Tuesday, June 28, 2011

Home Poems: for the Northernists and my Father

All the Moths in My Hair Will Swarm to This Light

The broken branches of the mulberry tree still cling on their living brothers.
They will not fall until a strong wind comes;
My father will not pull them down.
Small trees I once could not climb have surpassed me.
“Son, you can carry me now.”
The tadpole is dried up with the puddle.
The sage blooms, the sage flowers in purple. The ferns converge around the rocks and northern wall. Woolly mint swallows up the strawberry bed. And I am content to watch.

Hurry home, heart. Gather up your frayed ends. Leave behind the noise of yesterday; consume the sunlight before it fades.
Who is to say this will be here tomorrow?
So close now, like your brother knocking on the wall between your rooms,
Like your Mother’s photographs looking like you, suddenly,
Like cut grass clinging to the tops of your feet.
The grass is strewn with fur.
Stop this harried grasping after life and observe:
What went before you, and what will happen after.
You are a small pear blossom. Flower now, and shrivel bravely.
Do not call fruit a burden, though it bears you down.

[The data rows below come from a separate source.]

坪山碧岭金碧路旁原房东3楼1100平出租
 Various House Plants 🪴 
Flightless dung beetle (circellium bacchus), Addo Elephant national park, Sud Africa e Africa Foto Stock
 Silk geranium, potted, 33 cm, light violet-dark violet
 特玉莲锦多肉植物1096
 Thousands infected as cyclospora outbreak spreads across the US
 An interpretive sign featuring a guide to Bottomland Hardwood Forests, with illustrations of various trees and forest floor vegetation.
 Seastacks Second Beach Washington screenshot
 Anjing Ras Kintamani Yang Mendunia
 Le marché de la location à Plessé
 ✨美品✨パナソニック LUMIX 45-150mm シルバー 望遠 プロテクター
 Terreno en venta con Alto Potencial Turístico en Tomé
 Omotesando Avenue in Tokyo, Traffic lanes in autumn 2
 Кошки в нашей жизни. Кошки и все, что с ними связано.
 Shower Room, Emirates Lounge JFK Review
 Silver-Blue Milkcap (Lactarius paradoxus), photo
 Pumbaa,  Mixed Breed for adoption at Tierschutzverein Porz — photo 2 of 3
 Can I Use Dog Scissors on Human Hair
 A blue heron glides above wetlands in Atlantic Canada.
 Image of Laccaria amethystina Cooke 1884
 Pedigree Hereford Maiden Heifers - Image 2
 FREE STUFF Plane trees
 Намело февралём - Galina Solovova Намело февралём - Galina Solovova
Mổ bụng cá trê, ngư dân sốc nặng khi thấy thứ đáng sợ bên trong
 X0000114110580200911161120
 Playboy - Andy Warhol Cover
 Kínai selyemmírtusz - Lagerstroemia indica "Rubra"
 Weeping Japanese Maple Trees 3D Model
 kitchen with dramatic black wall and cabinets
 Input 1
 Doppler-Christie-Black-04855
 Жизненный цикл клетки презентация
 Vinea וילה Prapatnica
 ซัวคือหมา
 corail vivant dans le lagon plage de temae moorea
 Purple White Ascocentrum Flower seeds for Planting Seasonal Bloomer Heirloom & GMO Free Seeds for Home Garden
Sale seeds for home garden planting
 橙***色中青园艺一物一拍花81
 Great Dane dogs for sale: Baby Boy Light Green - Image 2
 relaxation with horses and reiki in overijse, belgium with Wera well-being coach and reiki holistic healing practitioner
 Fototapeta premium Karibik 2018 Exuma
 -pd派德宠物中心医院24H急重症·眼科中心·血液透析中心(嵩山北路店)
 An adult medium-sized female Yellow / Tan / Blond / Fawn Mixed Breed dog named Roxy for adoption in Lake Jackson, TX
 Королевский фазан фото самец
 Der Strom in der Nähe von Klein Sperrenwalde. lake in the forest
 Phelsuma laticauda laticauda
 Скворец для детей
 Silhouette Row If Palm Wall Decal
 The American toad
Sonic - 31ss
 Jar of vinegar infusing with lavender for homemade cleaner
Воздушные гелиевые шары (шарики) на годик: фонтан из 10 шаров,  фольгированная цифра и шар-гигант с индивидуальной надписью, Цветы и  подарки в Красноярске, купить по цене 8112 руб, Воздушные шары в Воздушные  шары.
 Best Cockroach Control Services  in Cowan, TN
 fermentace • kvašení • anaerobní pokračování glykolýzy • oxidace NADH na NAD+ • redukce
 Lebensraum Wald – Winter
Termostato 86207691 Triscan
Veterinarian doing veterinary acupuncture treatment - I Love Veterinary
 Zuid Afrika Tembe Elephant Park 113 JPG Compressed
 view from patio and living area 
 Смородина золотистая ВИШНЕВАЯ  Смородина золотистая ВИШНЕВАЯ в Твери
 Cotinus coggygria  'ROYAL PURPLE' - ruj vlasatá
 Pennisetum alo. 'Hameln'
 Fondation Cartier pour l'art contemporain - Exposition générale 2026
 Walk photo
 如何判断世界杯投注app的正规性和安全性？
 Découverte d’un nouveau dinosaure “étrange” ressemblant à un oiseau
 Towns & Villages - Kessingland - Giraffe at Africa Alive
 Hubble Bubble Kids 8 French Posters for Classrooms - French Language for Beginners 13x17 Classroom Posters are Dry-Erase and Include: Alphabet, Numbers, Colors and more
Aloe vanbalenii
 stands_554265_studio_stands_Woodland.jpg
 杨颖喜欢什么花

Carry on a conversation with the sparrow, the thrasher, the cormorant, the wren. Let the slow wisdom of the grebe seep in. Support the hearty robin, respect the hardened city pigeon.
You are not nidifugous; stay at home while there is a home to have.
And make it glad.
You returned too late for the may-apple, the child of the mandrake, the sole fruit of its two umbrella-arms.
Now wait another year. Years see changes you would not expect. Cast your crumbs upon the waters, for in many days you will find full bellies in your wake.
Loved, loved, loved, comes with every wind.
Do not forget it.

The tadpole is dried up with the puddle.
The grass is strewn with fur.
And there are thorns in the honeysuckle.
But the grass, trees, and sky combine in fireflies
And the porch light signals me to come inside.

Another Old Cliché

One thing that grows harder with time
Is believing.
Seeing only the day-to-day leaves a tannic aftertaste.

Then sorry thoughts bend their lips to my ears, asking me why am I so old?
Better save the bitter for the winter, when all the world embraces aged thoughts.
It seems somehow wrong to be weary in spring.

Leads to another life are hinting at me from the trees, the gasping fish, the headless snake.
One thing never leaves:
The empty space.

Spring leaves stick closer together
In numbers.
Safety is found in knowing you are free falling

And stretching out your arms to the air.